Edita’s prolific career spanning 30 years is difficult to capture and define because it is imbued with the principle of transgression and evasion of stable categories. Her oeuvre can be classified in movements ranging from hyperrealism and transavantgarde to minimalism and new geometry. The only constant was her continued refusal to conform to conventions. Re-examining the existing visual language, it was as if with each new work she articulated a new question.
In the early 1970s, Schubert first exhibited her figurative, hyperrealistic paintings in oil and acrylic on canvas depicting “trivial” objects (Summer dress, Hairpins, Bracelet, etc.), which the art historian Leonida Kovač interprets as a comment on the cultural representation of gender identity.
In addition to painting, Edita skilfully worked in other media, not hesitating to combine them. In 1977, she photographed the dome of the madrasa in Počitelj in Bosnia and Herzegovina, which would serve as the basis for a series of works in the coming period. The dome motif proved to be an inexhaustible source of inspiration – Schubert coloured, drew and modeled it, encased it in a trunk and a note box, turned it into a seal, and used as an ornament.

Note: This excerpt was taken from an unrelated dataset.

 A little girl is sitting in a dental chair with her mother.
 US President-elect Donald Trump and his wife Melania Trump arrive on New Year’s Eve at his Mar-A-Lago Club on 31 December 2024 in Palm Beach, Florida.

In the late 1970s, she exhibited Herbarium, a series of works made of plants that reflected her interest in the relationship between nature and culture. Using a term borrowed from gardening, she created a series of still life works called Gredice (Flower Beds), and skewered petals and leaves on iron bars in Sculpture. 100 roses is another remarkable work made up of two piles of torn petals and leaves bordered by twigs, which seem to undermine the conventional symbolism of the rose.
In the late 1980s, Schubert devoted herself to geometric paintings. She created a series of irregular quadrangular shapes under the names of trapezoids and cathedrals, and also made collages with geometric motifs. In 1995, she thematized the very idea of the border by exhibiting Beskonačna traka (Infinite Tape), also known as Rad na traci (Assembly-line Work), a paper tape encircling the entire space in which it is located.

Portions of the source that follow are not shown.